From a biographer of Jane Jacobs and Srinivasa Ramanujan comes the first full life and work of arguably the most influential classical scholar of the 20th-century, who overturned long-entrenched notions of ancient epic poetry and enlarged the very idea of literature.
Mr. Kanigel proves the ideal synthesizer of Parry’s 'brief life and big idea.' If Milman Parry the man proves frustratingly enigmatic throughout this book, he nevertheless seems quite a character ... He met and recorded the traditional singers, or guslars, who performed their narrative poems accompanied on 'rude, raspy one-stringed gusles' ... The chapters recounting this work are Mr. Kanigel’s richest, full of character and incident ... Perhaps it was reading about Demodocus that set Parry on his course, rethinking what we mean by literature. This compelling book gives us the argument and the enigma of his unfinished life.
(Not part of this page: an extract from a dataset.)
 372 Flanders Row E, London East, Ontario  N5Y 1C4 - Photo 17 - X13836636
... the first full-scale account of Parry’s short life, mysterious demise and long-lived influence ... Despite his enormous influence—and an enormous archive—as a subject for biography Parry frustrates Kanigel and, frankly, me. His collected papers run to nearly 500 pages, and the recordings and transcripts he made number in the thousands. Yet his writing rarely strays from technical questions; in his interviews with singers he let his assistant do the talking. In Kanigel’s hands, we see him laughing at a Harvard student production of a Greek tragedy, complaining about bed lice and driving his muddy Ford through the back roads of the Balkans. But his inner life, the source of his scholarly drive — even what it was about the Greek epics that he loved so much — remain a mystery for reader and biographer alike ... In his work, Parry imagined a form of literature at once deeply traditional and uncannily modern, created not by a single genius standing at the head of the Western canon, but rather by hundreds or, perhaps, thousands of performers in venues big and small, composing and reworking songs for their audiences. If he himself resists biography, that may be only appropriate.
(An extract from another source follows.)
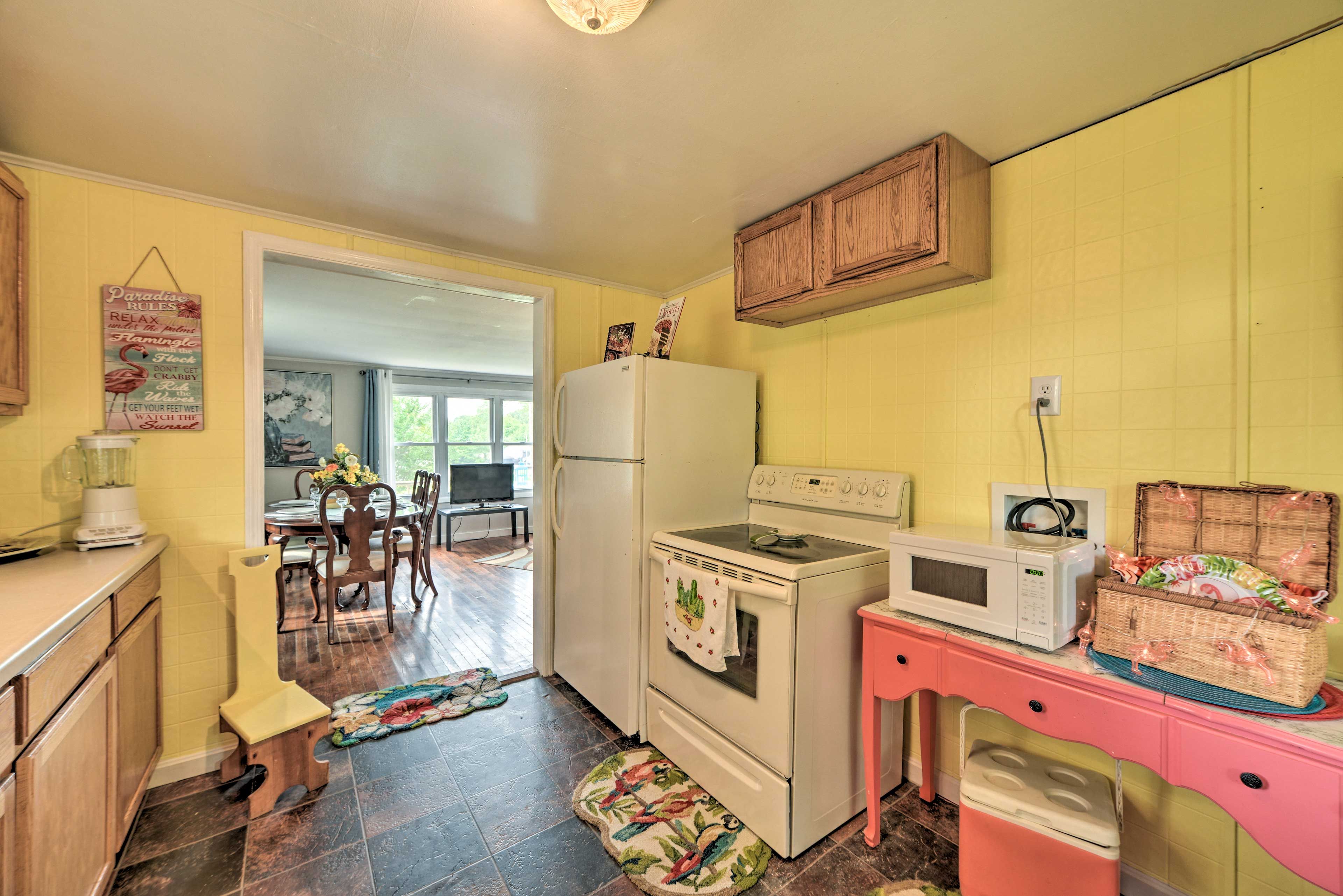 Kitchen | Cooking Basics | Toaster | Toaster Oven | Keurig Coffee Maker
Such a life, such a career, and such a death seem almost beyond explanation. But Kanigel shows that, curiously, Parry’s research tackled a comparable problem. In telling the story of his life—and his atrocious marriage, hitherto not much discussed—Kanigel unites it with Parry’s work to frame a single, massive question: What’s the relationship between tradition and inspiration? ... Kanigel’s biography shows that those definitions have led historical lives of their own, through a portrait of a man who best embodied Hippocrates’ old axiom: 'Life is short, and art long'.